What is needed
The task calls for the lines below from the line with "Apartamento, 3 quartos, 78 m² - Foto 13" to the line with "Roddey Park - Residential", both ends included, copied exactly, without any pictures.

Input for this task
┄┄┄┄┄┄

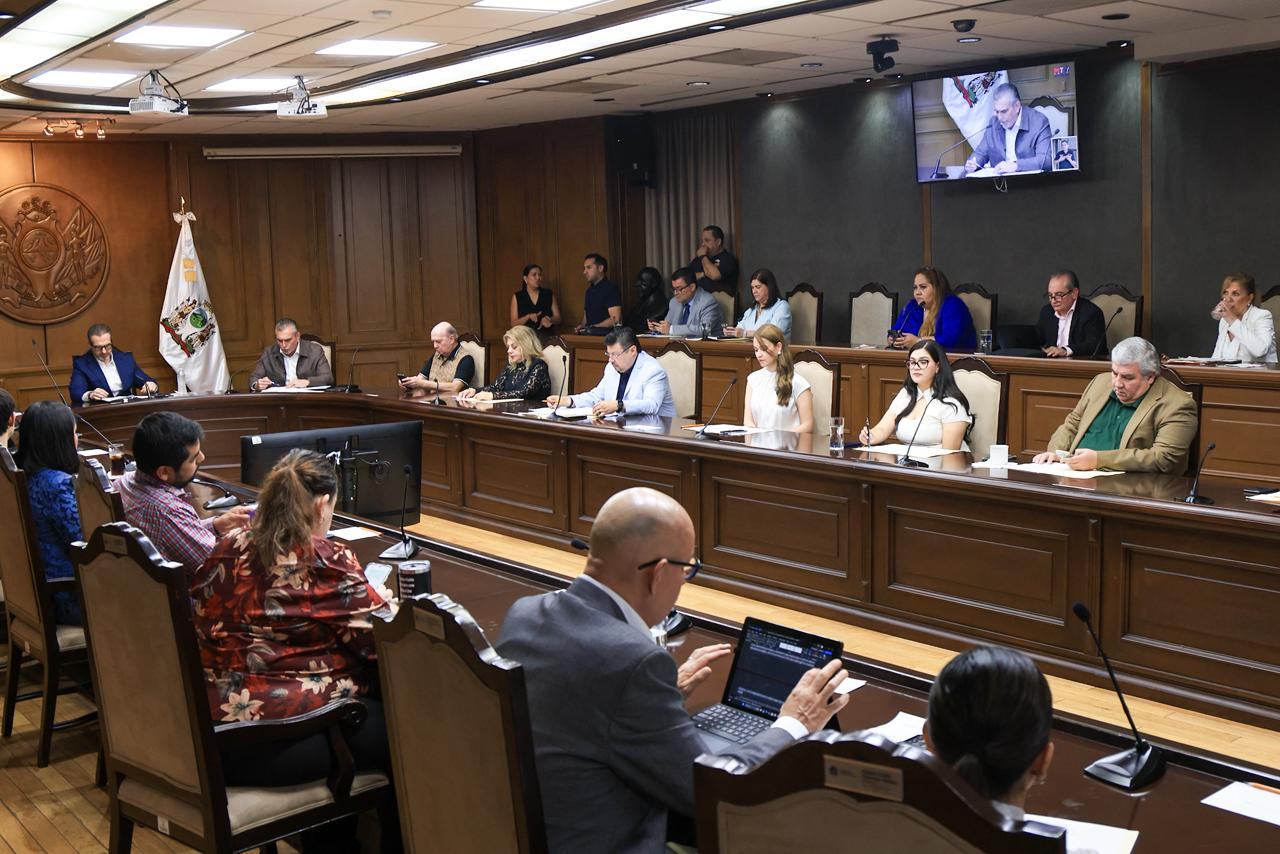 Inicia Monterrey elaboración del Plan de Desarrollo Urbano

┄┄┄┄┄┄

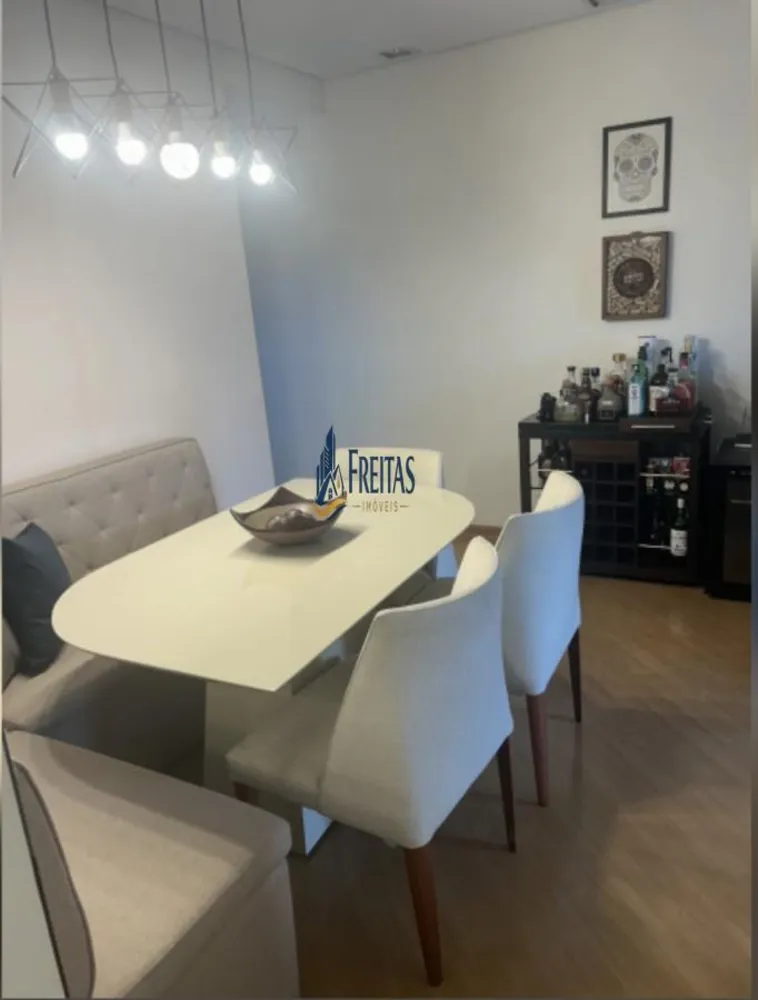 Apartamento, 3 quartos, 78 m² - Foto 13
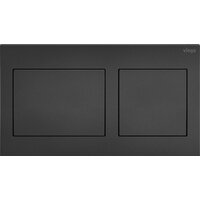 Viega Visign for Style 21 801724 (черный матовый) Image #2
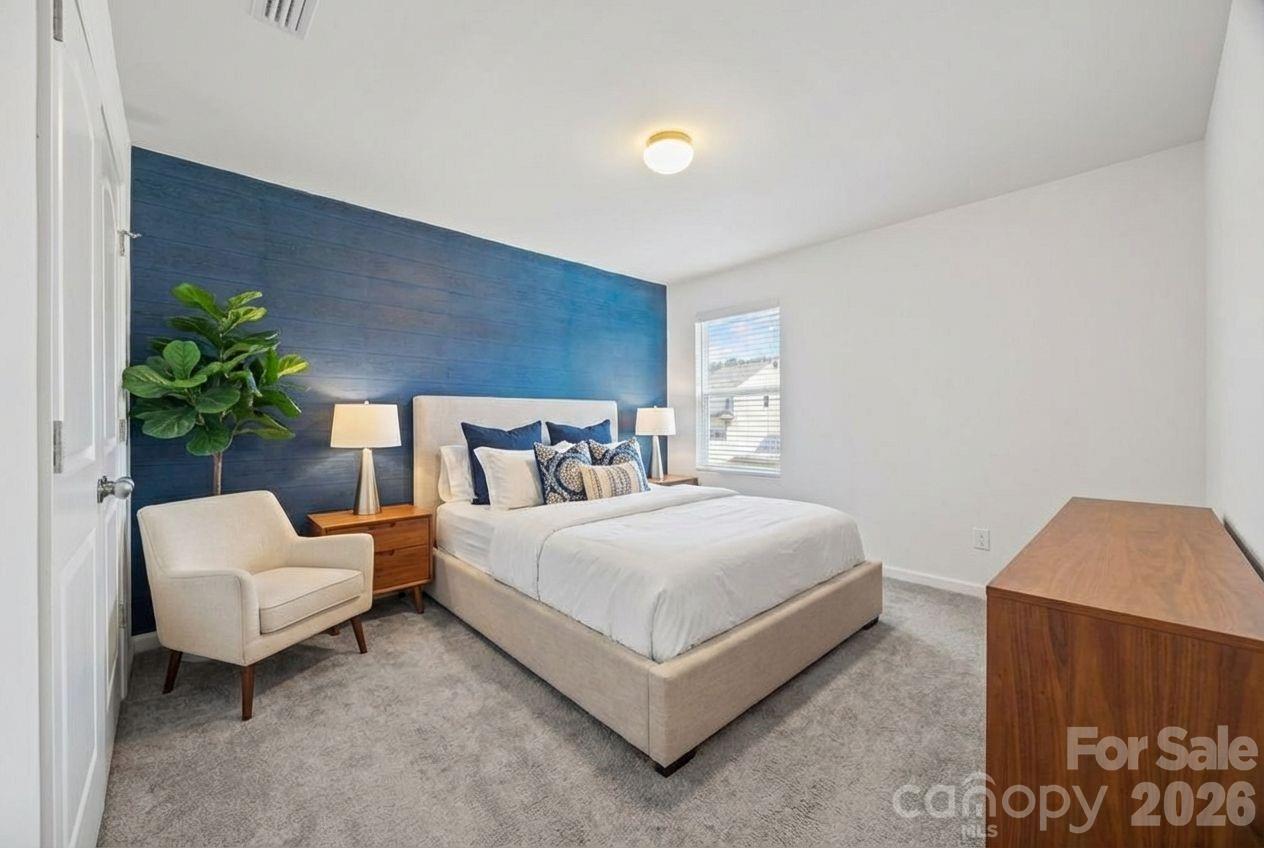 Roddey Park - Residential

┄┄┄┄┄┄

Answer section
 Apartamento, 3 quartos, 78 m² - Foto 13
 Viega Visign for Style 21 801724 (черный матовый) Image #2
 Roddey Park - Residential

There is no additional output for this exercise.